Sul Riformista di oggi la lezioncina facile facile gli è stata ripetuta anche dal ministro degli Esteri Gianfranco Fini:
«La coalizione di Prodi invoca l'Onu e al tempo stesso ne rifiuta le decisioni: chiede una proposta europea al Consiglio di Sicurezza dell'Onu per una strategia di consolidamento della democrazia in Iraq e, contemporaneamente, non riconosce il mandato attribuito dalla 1546, che prevede la presenza di una forza multinazionale al servizio della transizione politica irachena. Va infatti ricordato secondo verità che già oggi la forza multinazionale non è forza di occupazione, ma forza mandataria dell'Onu; (...)
Tutte le cosiddette garanzie richieste dall'opposizione sono già di fatto assicurate (rispetto del calendario della transizione politica, internazionalizzazione della crisi, espansione del ruolo dell'Onu e dell'UE). In tanti, anche nel centrosinistra, ne sono consapevoli. Dimostrarlo votando a favore del rifinanziamento della missione di pace significherebbe dimostrare di essere per davvero una credibile alternativa di governo a tutta la comunità internazionale».
Il «suicidio» dei riformisti. I nodi vengono al pettine, come già una volta in questo precedente post, quando uno come Piero Ostellino ci si mette di punta sul Corriere della Sera e sottolinea che un centrosinistra a guida riformista non è possibile se poi si cerca un programma comune con la componente radicale. E', nella migliore delle ipotesi, un tentativo destinato a soccombere, una presa in giro nella peggiore delle ipotesi. E', comunque, il «suicidio» dei riformisti.
«La verità - ha scritto Umberto Ranieri, un intelligente e onesto riformista diessino - è che i due propositi, l'aggregazione dei riformisti e un programma comune di tutte le opposizioni, sono in contrasto fra loro. Indicano due prospettive politiche diverse e contraddittorie. In realtà, solo in Italia si sostiene che l'intesa tra la sinistra radicale e quella riformista debba assumere i caratteri di un "programma comune"». Che piaccia o no, Prodi incarna, dunque, la contraddizione fra riformismo e programma comune di tutte le opposizioni. E Fassino, consegnandosi nelle sue mani, sta consumando il proprio fallimento politico e portando i riformisti al suicidio. Di fronte al «no» di Prodi al rifinanziamento della nostra missione in Iraq, sostenere, come fa ora Fassino, che, se su un punto mancasse l'accordo all'interno del governo di centrosinistra, i riformisti andrebbero in Parlamento - come per la guerra del Kosovo - incassando il voto dell'opposizione di centrodestra è ingannare se stessi e il Paese...

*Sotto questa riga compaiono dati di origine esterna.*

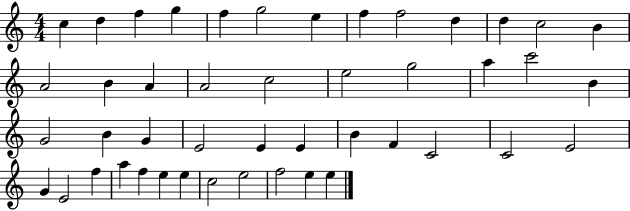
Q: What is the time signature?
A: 4/4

un tentativo maldestro di mascherare la propria impotenza e la propria resa. «E' irrealistico - scrive ancora Ranieri - immaginare la possibilità di un "comune programma di governo" tra radicali e riformisti. A meno di una resa di questi ultimi alle posizioni e alle suggestioni dell'estremismo». E', invece, proprio quello che è accaduto in passato e sta accadendo ora. «I riformisti più che ad affermare la propria identità, sembrano interessati a non perdere il legame con le componenti massimaliste in una sorta di eterna ricerca dell'appeasement con queste ultime» (sempre Ranieri). Ma ciò, «ne ha ritardato scelte strategiche che potevano essere compiute prima...

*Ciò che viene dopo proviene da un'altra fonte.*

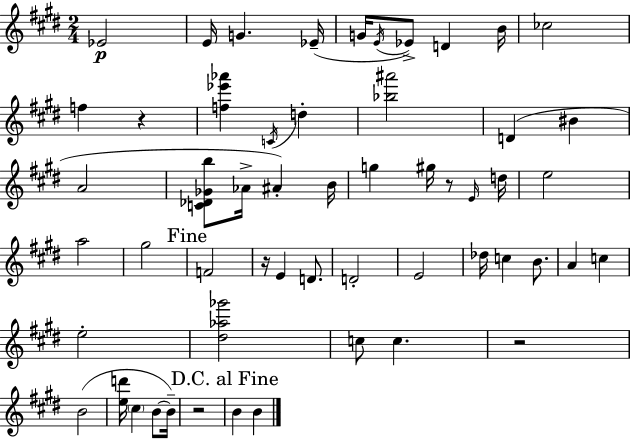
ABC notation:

X:1
T:Untitled
M:2/4
L:1/4
K:E
_E2 E/4 G _E/4 G/4 E/4 _E/2 D B/4 _c2 f z [f_e'_a'] C/4 d [_b^a']2 D ^B A2 [C_D_Gb]/2 _A/4 ^A B/4 g ^g/4 z/2 E/4 d/4 e2 a2 ^g2 F2 z/4 E D/2 D2 E2 _d/4 c B/2 A c e2 [^d_a_g']2 c/2 c z2 B2 [ed']/4 ^c B/2 B/4 z2 B B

Fassino si sta comportando ora come si era comportato Berlinguer di fronte al riformismo di Craxi. Berlinguer, convinto che solo temporeggiando avrebbe potuto portare sulla sponda occidentale del fiume l'intera carovana del Pci che ancora guardava a Oriente, aveva finito col rimanere «in mezzo al guado». Fassino, convinto di vincere così le elezioni, resta volontariamente «in mezzo al guado», rischiando di farvi annegare il riformismo.